Картина Донского имела счастливую зрительскую судьбу, прошла во множестве стран. Марецкая получили немало похвал и высокие призы за роль, но вместе с тем того взлета, который мог бы сделать этот фильм главной работой Донского, не случилось. При всех частных достоинствах, о которых не раз говорили критики, эта лента не стала до конца самостоятельным кинематографическим произведением — уж слишком отчетливо в ней проглядывают страницы книги. В отличие от ленты Пудовкина этот фильм развивается не сам по себе, не по законам экрана, а как бы идет вслед за словом, подчиняясь законам литературного построения. Иными словами, близость к тексту, безграничная добросовестность, желание сохранить и воплотить возможно больше из того, что есть в книге, подавили собственное дыхание фильма, не дав литературным образам возможности превратиться в экранных героев.

Незадолго до смерти Марка Семеновича мы как-то вновь заговорили с ним об этом фильме, вспоминая счастливые дни работы на Волге.

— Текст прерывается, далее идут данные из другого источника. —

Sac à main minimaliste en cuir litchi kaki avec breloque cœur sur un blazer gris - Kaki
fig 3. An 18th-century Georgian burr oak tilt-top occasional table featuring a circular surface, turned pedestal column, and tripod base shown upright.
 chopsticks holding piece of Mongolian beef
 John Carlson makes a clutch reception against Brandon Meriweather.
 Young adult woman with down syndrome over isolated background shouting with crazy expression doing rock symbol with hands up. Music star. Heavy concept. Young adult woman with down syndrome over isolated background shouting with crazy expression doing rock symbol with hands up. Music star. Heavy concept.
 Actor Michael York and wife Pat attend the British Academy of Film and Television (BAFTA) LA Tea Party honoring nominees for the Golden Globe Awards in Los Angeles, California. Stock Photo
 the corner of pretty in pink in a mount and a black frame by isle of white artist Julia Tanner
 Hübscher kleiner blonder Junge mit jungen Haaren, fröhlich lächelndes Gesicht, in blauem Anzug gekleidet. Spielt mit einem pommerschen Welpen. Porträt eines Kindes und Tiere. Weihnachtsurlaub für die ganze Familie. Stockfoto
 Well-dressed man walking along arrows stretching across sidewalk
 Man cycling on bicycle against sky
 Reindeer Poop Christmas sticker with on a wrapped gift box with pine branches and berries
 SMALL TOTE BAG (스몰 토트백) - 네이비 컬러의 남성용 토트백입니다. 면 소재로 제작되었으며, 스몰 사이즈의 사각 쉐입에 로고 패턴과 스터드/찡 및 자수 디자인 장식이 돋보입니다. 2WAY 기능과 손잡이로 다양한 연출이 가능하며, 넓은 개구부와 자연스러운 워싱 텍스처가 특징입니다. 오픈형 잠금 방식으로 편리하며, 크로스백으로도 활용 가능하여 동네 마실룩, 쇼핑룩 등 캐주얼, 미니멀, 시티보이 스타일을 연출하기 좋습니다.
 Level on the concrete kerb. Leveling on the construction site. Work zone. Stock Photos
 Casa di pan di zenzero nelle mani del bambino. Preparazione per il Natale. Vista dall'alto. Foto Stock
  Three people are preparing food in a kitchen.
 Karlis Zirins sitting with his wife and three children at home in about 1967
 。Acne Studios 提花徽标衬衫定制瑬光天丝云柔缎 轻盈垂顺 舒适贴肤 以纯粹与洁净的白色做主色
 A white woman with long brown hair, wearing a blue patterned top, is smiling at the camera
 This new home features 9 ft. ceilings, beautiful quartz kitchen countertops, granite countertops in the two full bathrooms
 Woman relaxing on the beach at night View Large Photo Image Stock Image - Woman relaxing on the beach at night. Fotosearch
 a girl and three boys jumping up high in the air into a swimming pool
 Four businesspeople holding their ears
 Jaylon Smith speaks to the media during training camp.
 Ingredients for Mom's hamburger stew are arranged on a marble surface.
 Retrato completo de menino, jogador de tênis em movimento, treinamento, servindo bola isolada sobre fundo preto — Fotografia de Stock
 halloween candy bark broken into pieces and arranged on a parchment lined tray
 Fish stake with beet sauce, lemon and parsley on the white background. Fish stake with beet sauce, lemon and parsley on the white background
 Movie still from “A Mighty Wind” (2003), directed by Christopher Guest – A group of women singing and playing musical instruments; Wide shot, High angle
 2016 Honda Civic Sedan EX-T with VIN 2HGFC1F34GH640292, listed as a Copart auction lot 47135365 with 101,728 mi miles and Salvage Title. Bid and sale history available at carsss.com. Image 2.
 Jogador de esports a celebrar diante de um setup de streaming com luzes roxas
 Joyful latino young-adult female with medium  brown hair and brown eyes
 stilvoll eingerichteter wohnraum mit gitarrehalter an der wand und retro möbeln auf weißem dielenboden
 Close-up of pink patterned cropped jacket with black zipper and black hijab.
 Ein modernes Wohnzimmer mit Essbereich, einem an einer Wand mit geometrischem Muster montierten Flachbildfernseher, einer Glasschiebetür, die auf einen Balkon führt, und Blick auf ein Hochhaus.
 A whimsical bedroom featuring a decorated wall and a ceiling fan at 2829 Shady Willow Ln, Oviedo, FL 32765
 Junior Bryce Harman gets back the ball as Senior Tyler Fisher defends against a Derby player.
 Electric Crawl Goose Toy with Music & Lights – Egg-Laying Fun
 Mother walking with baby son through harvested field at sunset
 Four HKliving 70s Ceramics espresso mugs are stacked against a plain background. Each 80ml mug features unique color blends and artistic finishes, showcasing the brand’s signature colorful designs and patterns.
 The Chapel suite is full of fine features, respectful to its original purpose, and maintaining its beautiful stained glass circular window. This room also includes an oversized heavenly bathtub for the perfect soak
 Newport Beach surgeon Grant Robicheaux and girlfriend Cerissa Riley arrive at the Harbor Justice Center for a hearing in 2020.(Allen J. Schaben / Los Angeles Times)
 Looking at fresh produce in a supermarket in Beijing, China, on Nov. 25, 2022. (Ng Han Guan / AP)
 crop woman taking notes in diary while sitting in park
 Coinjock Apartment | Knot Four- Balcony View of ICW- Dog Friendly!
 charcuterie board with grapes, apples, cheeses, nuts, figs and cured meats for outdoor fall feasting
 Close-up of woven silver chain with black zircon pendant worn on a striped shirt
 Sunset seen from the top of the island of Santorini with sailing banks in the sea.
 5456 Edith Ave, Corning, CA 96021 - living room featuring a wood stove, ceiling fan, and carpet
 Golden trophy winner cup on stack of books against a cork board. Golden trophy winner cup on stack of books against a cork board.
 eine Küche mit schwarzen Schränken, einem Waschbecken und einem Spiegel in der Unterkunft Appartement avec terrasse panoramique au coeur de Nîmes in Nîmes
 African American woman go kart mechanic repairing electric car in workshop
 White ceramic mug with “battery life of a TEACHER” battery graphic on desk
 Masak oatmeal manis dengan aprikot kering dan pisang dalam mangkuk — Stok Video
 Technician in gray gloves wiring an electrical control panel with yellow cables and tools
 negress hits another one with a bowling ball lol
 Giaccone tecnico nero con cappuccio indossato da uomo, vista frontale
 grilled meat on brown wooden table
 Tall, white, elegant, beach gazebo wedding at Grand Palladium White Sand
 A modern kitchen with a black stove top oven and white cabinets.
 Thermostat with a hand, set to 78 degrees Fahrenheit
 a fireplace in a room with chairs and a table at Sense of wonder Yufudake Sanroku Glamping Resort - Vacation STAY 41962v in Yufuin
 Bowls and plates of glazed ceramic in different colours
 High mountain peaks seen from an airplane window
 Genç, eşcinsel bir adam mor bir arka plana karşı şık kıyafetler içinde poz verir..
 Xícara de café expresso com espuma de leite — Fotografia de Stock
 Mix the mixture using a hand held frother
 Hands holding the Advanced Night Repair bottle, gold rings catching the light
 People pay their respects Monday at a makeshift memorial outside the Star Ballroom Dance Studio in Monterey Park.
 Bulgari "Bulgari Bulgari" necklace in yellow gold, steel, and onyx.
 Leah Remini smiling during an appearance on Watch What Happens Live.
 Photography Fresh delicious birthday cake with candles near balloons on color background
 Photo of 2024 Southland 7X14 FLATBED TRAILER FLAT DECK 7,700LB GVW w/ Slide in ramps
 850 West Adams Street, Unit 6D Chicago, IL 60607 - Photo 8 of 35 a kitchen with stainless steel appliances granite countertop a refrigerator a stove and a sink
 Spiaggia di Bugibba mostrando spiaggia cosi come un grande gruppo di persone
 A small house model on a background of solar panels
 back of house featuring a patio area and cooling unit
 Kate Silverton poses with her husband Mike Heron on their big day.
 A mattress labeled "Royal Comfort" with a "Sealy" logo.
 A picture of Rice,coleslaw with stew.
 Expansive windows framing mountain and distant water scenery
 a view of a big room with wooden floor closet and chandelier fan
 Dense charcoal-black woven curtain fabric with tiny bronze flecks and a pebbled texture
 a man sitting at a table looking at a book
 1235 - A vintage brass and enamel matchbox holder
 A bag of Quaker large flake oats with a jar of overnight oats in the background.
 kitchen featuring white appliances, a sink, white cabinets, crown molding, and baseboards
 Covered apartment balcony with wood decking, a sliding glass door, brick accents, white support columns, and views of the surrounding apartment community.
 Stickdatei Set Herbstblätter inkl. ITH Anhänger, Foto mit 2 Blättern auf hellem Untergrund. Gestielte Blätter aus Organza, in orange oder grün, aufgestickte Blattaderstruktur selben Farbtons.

— Я до сих пор жалею, что многое (он назвал эпизоды) пришлось сократить из-за общей длины. А теперь бы все это звучало. И еще как. Теперь люди иначе смотрят. Они ждут следующую серию. И всё помнят. Всё. Ты смотрел, когда по телевидению показывали «Мать»?.. А? Нет? Надо смотреть, учиться… Я учусь!

И он стал поразительно подробно изображать сцены, вернее, свое впечатление от их просмотра по телевидению. Меня удивило, что этот человек, несмотря на свой почтенный возраст и огромный кинематографический опыт, спустя много лет где-то в глубине сознания все еще сопоставляет свою давнишнюю работу с тем, как сегодня делаются фильмы и как их смотрят люди телевизионного поколения. А может быть, и в самом деле ему уже тогда виделся подробный, неторопливый, точный во всех деталях кинороман о судьбе Матери, о ее любви к сыну, о постепенном пробуждении сознания и человеческого достоинства. И действительно, теперь на наших глазах такая форма, почти противоположная пудовкинскому фильму, уже возникает, уже собирает миллионы зрителей у экранов телевизоров.

 

С развитием телевидения, его форм и приемов художественного вещания ныне на наших глазах уже появился новый, на мой взгляд, очень многообещающий способ показа литературы, а именно многосерийный фильм. Здесь впервые легко осуществимы многие, казавшиеся для экрана и сцены головоломными требования, и прежде всего требования, связанные с точностью приближенности к подлиннику.

Заранее хочу сделать одно ехидное замечание, касающееся авторов. По злой иронии именно эта форма более, чем что бы то ни было другое, способна разоблачить несостоятельность литературной основы, обнажить ее органические недостатки. Так просто длинное оказывается тут невыносимо тягучим и занудным, несмотря на обилие персонажей и микросюжетов, а пустые болтливые диалоги превращаются в мертвые статуарные кадры. Когда же работа связана с классикой, то у постановщиков действительно возникает возможность сократить потери текста до минимума и преподнести зрителю почти точный слепок произведения.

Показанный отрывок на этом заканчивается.